Sound Attenuation: Investigating & Questions Answered

[fisicasound]

Sound attenuation

for my physics project I decided to investigate sound attenuation effect, for my equipment I’m using a speaker with a signal generator and at the other end a microphone with an oscilloscope...the sound generator and receiver were placed inside a tube which was well insulated to prevent the apparatus resonance(but i still get a resonance effect and I don’t know if it will affect my results)...also the apparatus is designed so I could insert different materials and different thicknesses in between the receiver and speaker

I was wondering if anyone could answer the following questions.

1. to show my results in dB i must find the sound intensity in W/m^-2...is it the same as the peak to peak voltage readings in my oscilloscope

2. What type of materials should I be looking for that can be easily accessible?
I was thinking of polystyrene, also what properties in a material make it good for sound insulation?

3. To plot graphs I was thinking of using the equation lnI= lnIo - μx where μ is the materials coefficient of attenuation and x is the thickness of the insulation...for the graph I was advised to vary x keeping the frequency constant but I don’t really know what frequency I will chose since humans have can hear a really big range of frequencies.. will the second graph for the same material vary μ as I change frequency

if u have any suggestions for any other experiment suggesting sound attenuation ill be glad to hear it

Thanks

 

[CaptainZappo]

Please do not double post.

 

[fleem]

Sound attenuation

for my physics project I decided to investigate sound attenuation effect, for my equipment I’m using a speaker with a signal generator and at the other end a microphone with an oscilloscope...the sound generator and receiver were placed inside a tube which was well insulated to prevent the apparatus resonance(but i still get a resonance effect and I don’t know if it will affect my results)...also the apparatus is designed so I could insert different materials and different thicknesses in between the receiver and speaker

I was wondering if anyone could answer the following questions.

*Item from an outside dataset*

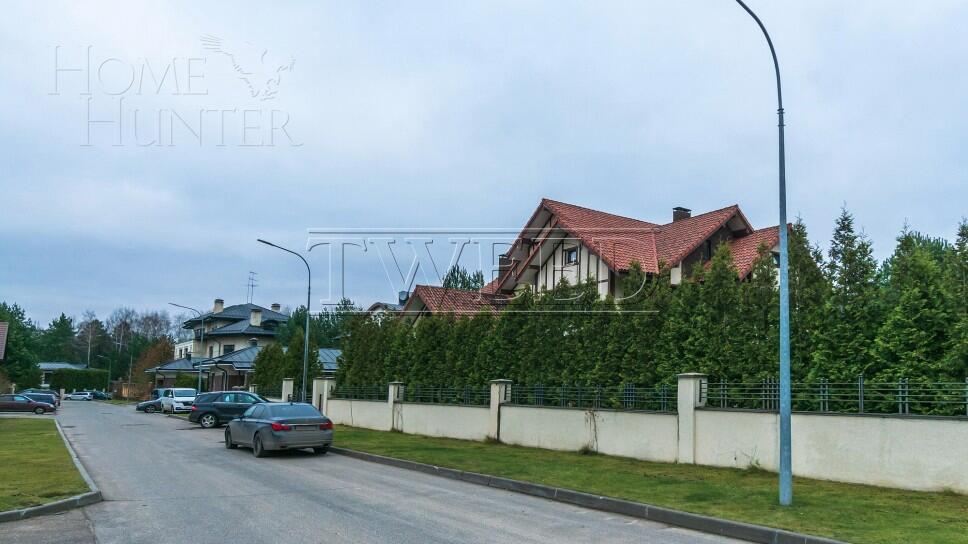 3-этажный коттедж 850 м² без отделки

1. to show my results in dB i must find the sound intensity in W/m^-2...is it the same as the peak to peak voltage readings in my oscilloscope

If you are only measuring attenuation, then you only need to know the ratio of power lost, and therefore only need to compare amplitude with attenuator to amplitude without attenuator. Don't forget to square the amplitude to get power.

If you really want to know absolute sound amplitude (and square it to get power), then you need to find out the relationship between the P-P you see on the scope, and the particular microphone you are using along with the gain of the amplifier, if any. It could vary wildly from mic to mic, and also with frequency. It will certainly be a constant proportion, as long as you still see a clean sign wave (no saturation, distortion). You might have to measure it yourself for a particular microphone, but then you'd need a source of sound with known output power and radiation pattern. Maybe there are some ideas on the Internet for making such a source.

2. What type of materials should I be looking for that can be easily accessible?
I was thinking of polystyrene, also what properties in a material make it good for sound insulation?

If you want to even roughly measure a coefficient of attenuation of a material, the gradient from air to material must be gradual over at least a wavelength so that impedance is matched. For example, the material should be formed such that its surface (both sides) is comprised of cones with a height greater than a wavelength, and separation between the cones notably less than a wavelength. Otherwise there'll be reflections. For practical reasons, this means you'll want to test with a short wavelength, if its allowed. Of course, if you just want to demonstrate the system then you can have any shape and thickness you want--but expect reflections. In calculations, use the length of the material from the top of cones on one end to the bottom of cones on the other--that is, include only the cones on one end to calculate the effective length.

Another option is to use a material who's impedance is close to that of air (typically something very light and soft, like cotton or a fluffy fabric stuffed in the tube), and use a long cylinder of it (many waves). That way you'll get a measurable attenuation with little reflection.